Alternative Development or Alternatives to Development – IV
While the genealogy of the development discourse is rooted in ideologically laden Cold War rhetoric of “stages of growth” and “modernization,” development as a discursive phenomenon and as a policy assumes a stubbornly non-ideological character. International development agencies and state bureaucracies become what has been evocatively designated “anti-political machines.” They continually reduce questions of poverty and degradation to failures of technological advancement. In its refusal to interrogate the history and operations of capitalism and geopolitical power relations that produce and sustain conditions of poverty, developmentalism as an ideology conjures up an anti-historical reality whereby its structure and function are deemed immutable, present in the same form throughout history.
To date critiques of development have taken two roads. First, there is the series of internal critiques of the project accompanied by proposals for its modification and revitalization. These critiques often use the rhetoric of relief for the poor. Their overriding concern, however, is to keep intact the foundations of the global economic order and its favorite progeny, the development project. Then thee are critiques that often succeed in exposing claims of universality and justice of the capitalist model of development, and in the process demystify the linkages of the development project with capitalism.

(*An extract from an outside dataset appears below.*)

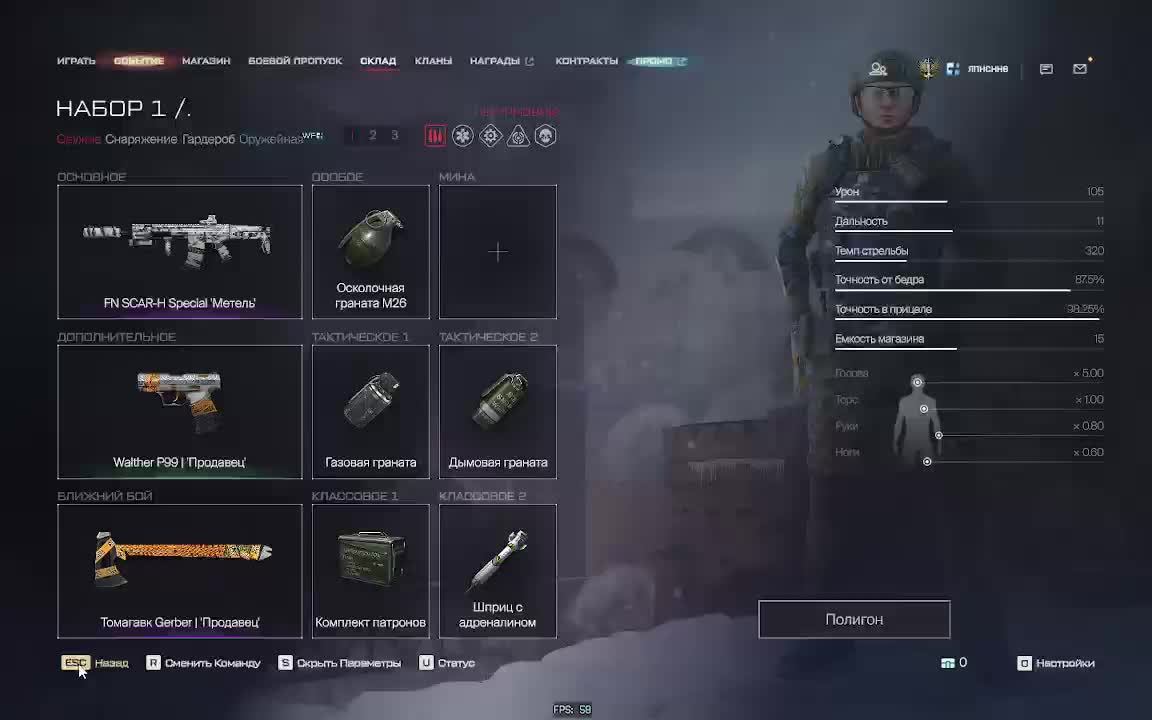 Варфейс смотреть онлайн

However, some problems remain with the second line of critique. By externalizing the sources of crisis, states and ruling elites of the Global South are deemed the only relevant actors for any strategy of action that may be suggested by counter proposals. The center-periphery models of global economic relations do not recognize the supra-territorial flexibility and heterogeneity of globalization. Prescriptions of delinking postcolonial economies from global capitalism do not adequately address contemporary modes of global capital accumulation. The conceptual frame of the delinking thesis rests on an understanding of the postcolonial state as an autonomous regulator of the flows of commodities, capital and labor – an understanding not warranted in the context of neo-liberal restructuring of the global economy.